One trouble is that such expressions as "depression" and "recession" have become bad words, particularly among politicians, and are never to be used if a nicer word can be found. Thus, a whole new vocabulary has evolved. In the new jargon, a recession can be a "rolling readjustment," a "correction," a "slippage," an "easing," a "mild dip," a "downswing," a "normal adjustment," a "leveling off," a "slight downturn," a "lull," a "return to normalcy" or a "thingumajig." These euphemisms, of course, also defy definition. What, for instance, is a "return to normalcy," when for decades no one has known what economic normalcy is?

There are some brave souls who attempt to define recession in specific terms. The results are just as baffling. To retailers, a recession is a drop in sales, but they will differ as to whether it is a 5% or a 20% drop. To manufacturers, industrial production is the yardstick; to labor leaders, unemployment; to Wall Streeters, stock prices.

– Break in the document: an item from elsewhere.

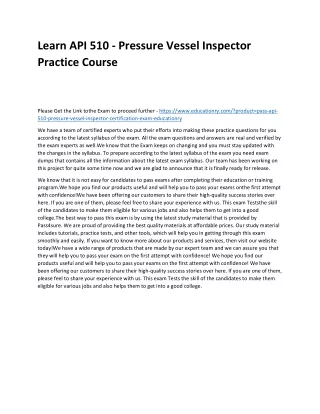 learn api 510 pressure vessel inspector practice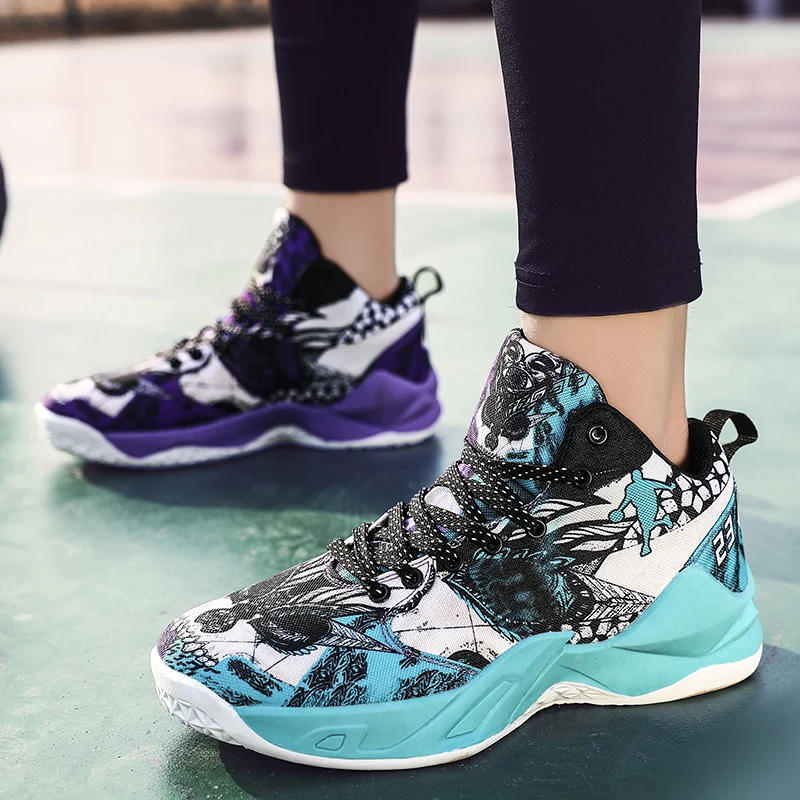 Unisex Sneakers Men's Basketball Shoes Fashion Graffiti Shoes Male Comforthable Sports Shoes Gym Training Athletic Shoes Women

A recession, says Harvard's Economist Sumner Slichter, is "no more than a momentary drop in employment and production"--and the U.S. "is in one right now." "Of course we're in a recession," agrees Economist A. W. Zelomek, president of the International Statistical Bureau. But Zelomek's idea of recession may startle many businessmen. "At the bottom," says he, "we'll be way above the prosperity levels of pre-Korea." Staff Chief Grover Ensley of the Joint Committee on the Economic Report has still another view of what is happening. Says he: "We are getting into an adjustment which, if not of the recessionary type, is of the downward type."

Where does recession end and depression begin? New Dealing Economist Robert Nathan defines a depression as a sharp decline that lasts a few years. A decline that lasts only six months to a year and a half could be called a recession. To Nathan, depression means 7,000,000 to 8,000,000 unemployed (v. 1,200,000 today); recession means 4,000,000 to 5,000,000 unemployed for six to 18 months. Another New-Fair Dealer, Economist Leon Keyserling, describes a recession as a "short-run downturn of moderate or even large proportions." The Commerce Department's Under Secretary Walter Williams talks darkly of the time when "soft spots merge and a breakthrough is imminent." Treasury's Deputy Secretary Randolph Burgess is precise. A recession exists, says he, only when gross national product falls at least 5% (which would mean a drop from the current $371 billion to $352 billion).

Recession has been robbed of its meaning because past recessions have borne little similarity to one another. The last three recessions, in 1920-21, 1937-38 and 1949, had quite different characteristics.

The recession of 1920-21 was marked by a precipitous 45% drop in wholesale prices, because of overloaded inventories, and" soaring unemployment (up 752% to 4,800,000 in a year). Stock prices dropped about 18% (the Dow-Jones industrials fell from 90 to 73) and industrial production fell 23%. On the other hand, in 1937-38 wholesale prices fell only 9%, while industrial production and the stock market each fell about 20%. Unemployment rose from 6,400,000 to 9.800,000. By the standards of those earlier years, what happened in 1949 was merely a statistical flutter. Unemployment rose some 60% in a few months to 3,400,000 (not even high enough to meet Nathan's present-day definition of recession). Prices declined only slightly, industrial output dropped a mere 8%, and stock prices, after a quick 10% dip, were higher (200.52) at the end of 1949 than they were at the end of 1948.

Using these same yardsticks, it is hard to prove that the U.S. is in a recession now, although sales are down in some industries. Industrial output of 232 is near the postwar peak of 243, unemployment of 1,200,000 is near its alltime low, stock prices are only 6% below their bull-market peak, and the gross national product is within a shade of its peacetime high.

Actually, a spate of recession predictions has been a recurring phenomenon of the great boom. Time and again, economists have predicted that business would turn downward, usually in "about six months." But as the "six months" stretched into years with no drop, economists became more cautious. They now predict a decline in such indefinite terms that they can't be wrong. Only the future will determine whether the U.S. is now undergoing a "rolling readjustment" or "recession," or merely passing once again through a period of "Whatchamacallit," i.e., a troubled economic period which gives rise to all manner of dire predictions.